> [Problem to work on]: Copy each line below that contains "Gift".

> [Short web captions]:

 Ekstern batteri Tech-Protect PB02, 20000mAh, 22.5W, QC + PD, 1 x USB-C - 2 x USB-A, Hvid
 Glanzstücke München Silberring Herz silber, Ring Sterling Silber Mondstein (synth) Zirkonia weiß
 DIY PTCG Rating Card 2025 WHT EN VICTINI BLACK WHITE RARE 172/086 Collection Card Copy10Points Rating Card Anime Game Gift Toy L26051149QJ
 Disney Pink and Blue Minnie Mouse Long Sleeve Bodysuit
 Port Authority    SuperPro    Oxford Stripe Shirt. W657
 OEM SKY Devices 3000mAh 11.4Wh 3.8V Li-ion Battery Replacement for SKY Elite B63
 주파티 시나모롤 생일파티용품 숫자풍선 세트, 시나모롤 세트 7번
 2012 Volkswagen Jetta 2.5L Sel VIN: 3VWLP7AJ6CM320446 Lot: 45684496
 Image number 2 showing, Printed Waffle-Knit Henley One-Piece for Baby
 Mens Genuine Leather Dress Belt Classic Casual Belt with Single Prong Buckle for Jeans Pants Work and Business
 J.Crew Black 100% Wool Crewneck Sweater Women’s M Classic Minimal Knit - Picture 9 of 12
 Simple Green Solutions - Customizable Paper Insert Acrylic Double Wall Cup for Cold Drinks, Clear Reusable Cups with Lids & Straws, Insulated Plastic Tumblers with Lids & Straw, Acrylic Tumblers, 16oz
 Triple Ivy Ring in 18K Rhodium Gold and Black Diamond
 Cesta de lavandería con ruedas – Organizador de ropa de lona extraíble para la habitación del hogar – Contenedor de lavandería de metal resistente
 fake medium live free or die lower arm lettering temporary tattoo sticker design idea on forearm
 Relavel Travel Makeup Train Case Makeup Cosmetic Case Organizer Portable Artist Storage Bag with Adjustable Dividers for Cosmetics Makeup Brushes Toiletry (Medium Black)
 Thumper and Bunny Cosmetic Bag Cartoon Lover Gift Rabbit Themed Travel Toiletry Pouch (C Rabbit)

> [Solved problem]:
 DIY PTCG Rating Card 2025 WHT EN VICTINI BLACK WHITE RARE 172/086 Collection Card Copy10Points Rating Card Anime Game Gift Toy L26051149QJ
 Thumper and Bunny Cosmetic Bag Cartoon Lover Gift Rabbit Themed Travel Toiletry Pouch (C Rabbit)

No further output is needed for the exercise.